Segment Start: EXERCISE DATA

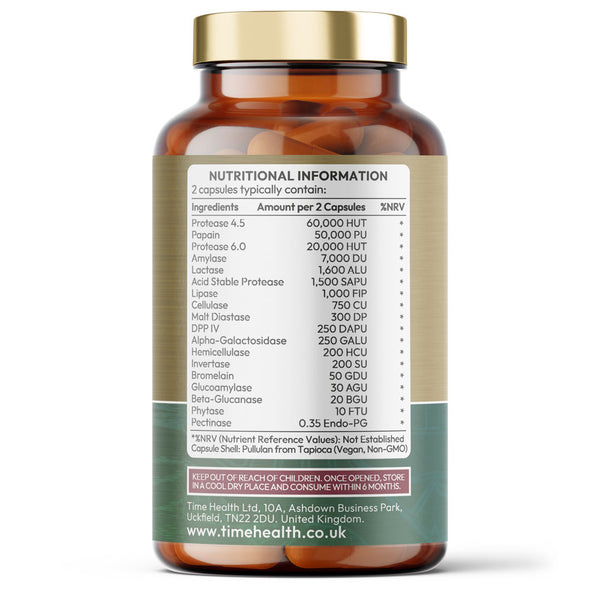 Ultra Digestive Enzymes Complex – General Digestive Health – Bloating Relief, Regular Movements and Overall Digestion – 120 Capsule Bottle Time Health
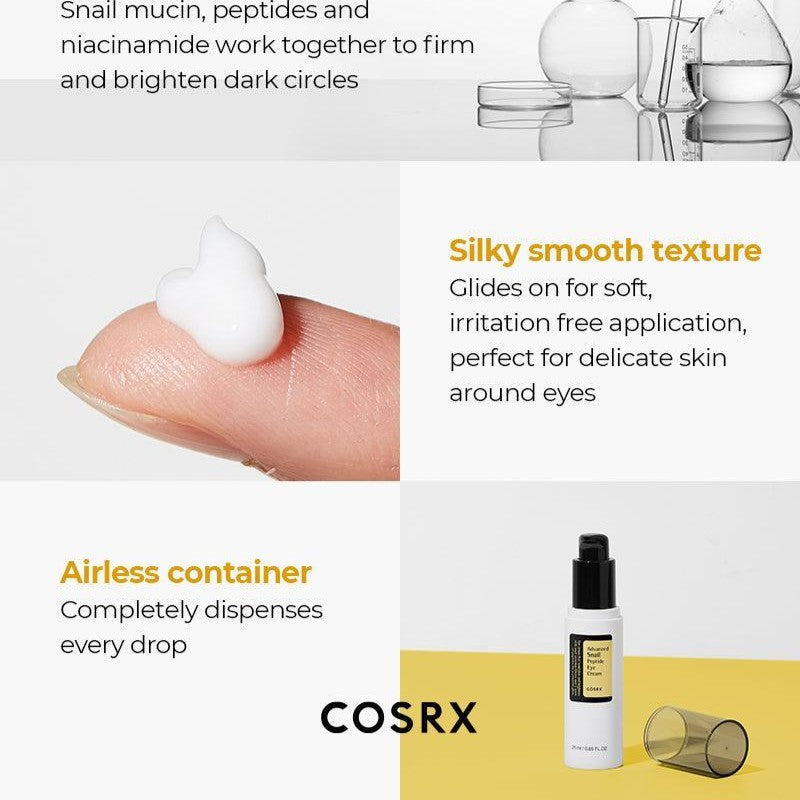 Cosrx Advanced Snail Peptide Eye Cream Aclara Hidrata y Reduce las Lineas de Expresión.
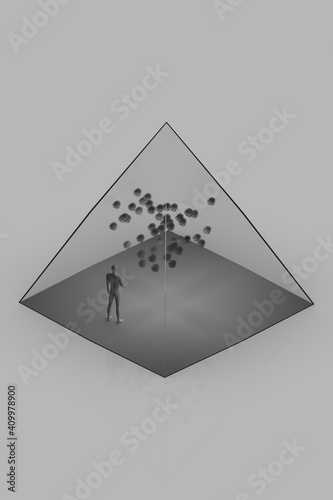 3d illustration with abstract human figure inside transparent glass tetrahedron with many virus cells photo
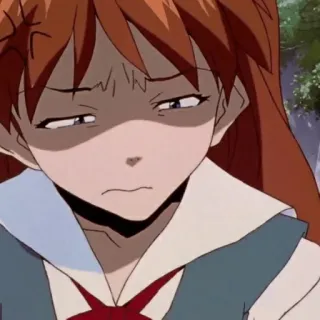 😣 Asuka Langley Soryu Neon Genesis Evangelion anime, gadis, evangelion, asuka, kesal telegram sticker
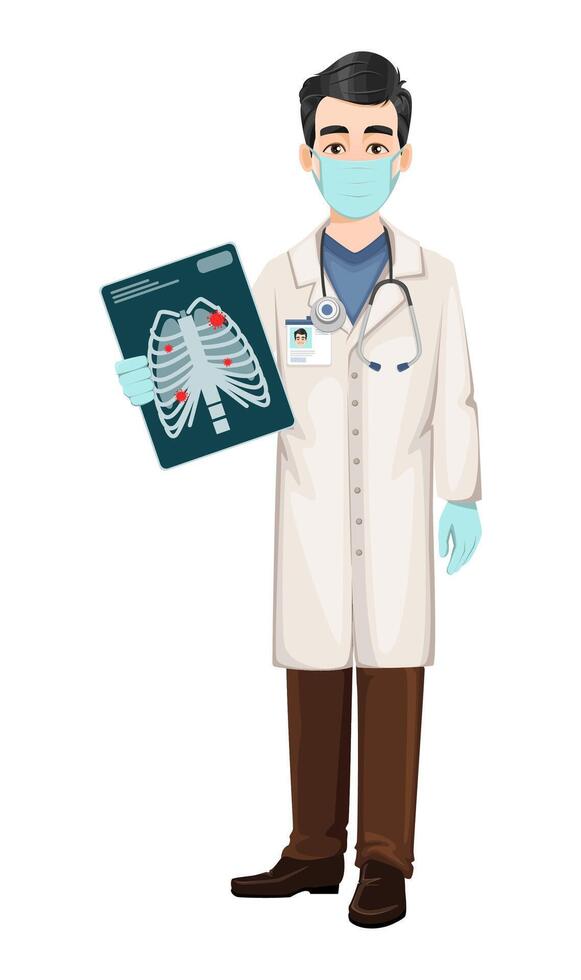 Doctor working during coronavirus outbreak vector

Segment End: EXERCISE DATA

**EXERCISE AIM:** Word for word, repeat only the lines from the line containing "kesal telegram sticker" through the end of the data, without any pictures.

**EXPECTED OUTPUT:**
 😣 Asuka Langley Soryu Neon Genesis Evangelion anime, gadis, evangelion, asuka, kesal telegram sticker
 Doctor working during coronavirus outbreak vector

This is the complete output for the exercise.